Nueve de la mañana a las afueras del Combinado del Este, la mayor 
prisión de Cuba. Decenas de familias se agolpan para oír a una adusta 
militar que grita los apellidos de los presos. De inmediato, nos mandan 
a avanzar por un camino estrecho hacia la garita donde revisan los 
bolsos y pasan el detector de metales sobre nuestros cuerpos. 
Inspeccionan también los sacos de comida que durante semanas se han ido 
llenando de galletas, azúcar, refrescos instantáneos, cigarros y leche 
en polvo. Son el resultado del desvelo y del desprendimiento de los 
parientes que se privan de estos alimentos para donárselos a los reos.
Una mujer llora porque el guardia no le deja pasar los mangos maduros 
que trae para su hijo. En la cerca alrededor de la entrada la gente 
cuelga –sin ninguna protección– todo aquello que no le permiten entrar. 

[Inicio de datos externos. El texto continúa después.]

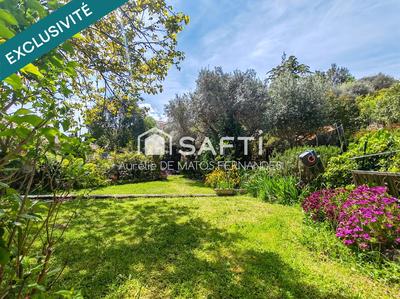 Maison de village - 159 m² - 6 pièces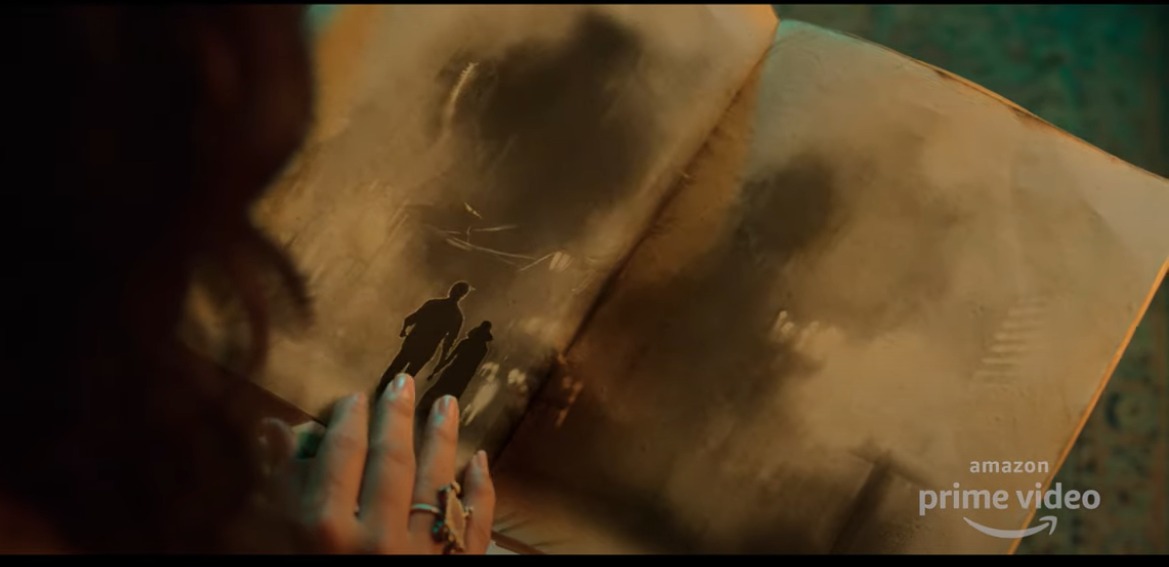 expedifyio's tweet photo. We are so pleased to announce that the COO of https://t.co/wflhq3uKF7 (formerly Brainpan Studio) and celebrity artist @Arunmoon2, with the collaboration with Splat Studio, has contributed his artwork to the latest Tamil movie, Maara.

Trailer: https://t.co/8ml1pZWiXa https://t.co/dlBnsnHgi2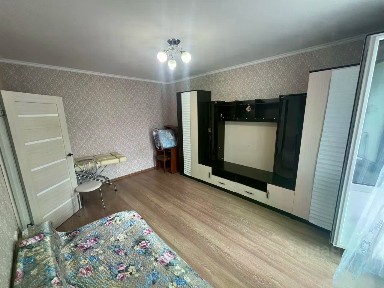 Сдается 1-комн. квартира, 34,5 м²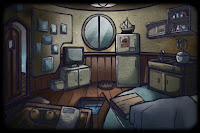 Mystery of Memories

Hay una bolsa con un teléfono móvil, una cartera de jovencita, un 
desodorante que el oficial dijo se podía convertir en alcohol destilado 
dentro de aquellos muros. A mi me revisan las revistas que llevo, me 
suben de un tirón la cremallera de la chaqueta y me meten los dedos 
entre el pelo. Delante de mi hay alguien que intenta colar un cake para 
un cumpleaños que de seguro ocurrió hace meses. Un joven se agarra con 
fuerza los pantalones pues le han impedido ingresar su cinto. Tal 
pareciera que vamos a sumergirnos en el infierno y –de alguna manera–- 
es así.
El local donde discurre la visita huele a sudor, a sudor y a encierro. 
Los dos presos italianos frente a mí ponen palabras una detrás de otras 
con desespero. Han sido detenidos por el asesinato de una menor en 
Bayamo, pero aseguran no haber estado en la Isla por lo días del crimen. 
Llevan ya más de un año encarcelados sin que se les haya hecho juicio y 
yo trato de reconstruir periodísticamente el derrotero del caso. Uno de 
ellos, Simone Pini, me habla de las irregularidades policiales y acuerdo 
con él indagar. "No puedo hacer mucho" –le aclaro– "y tampoco tengo 
acceso a los datos de la investigación, pero averiguaré". No he 
terminado la frase cuando un militar grita mi nombre desde la reja del 
salón. Y me conducen hacia la otra cara del Combinado del Este. A la 
oficina pulcra, climatizada, forrada en madera, donde radica El Jefe. 
Quedó retenida en una parte diferente del mismo horror, mientras un 
teniente coronel me advierte que no me dejarán entrar, nunca más, a esa 
prisión. Cuando intento irme, noto que la puerta tiene un llavín con 
cuatro combinaciones. "Cuánto miedo"… pienso para mis adentros. Me 
escoltan hasta la salida y veo la fila de los parientes para la nueva 
visita que comienza al mediodía. Cargan sacos con nombres garabateados y 
alguien gime porque no le dejan entrar un regalo. Descubro en ese 
momento que algo triste se ha instalado en mí, como el peso de unos 
barrotes que desde entonces cargo hacia todos lados.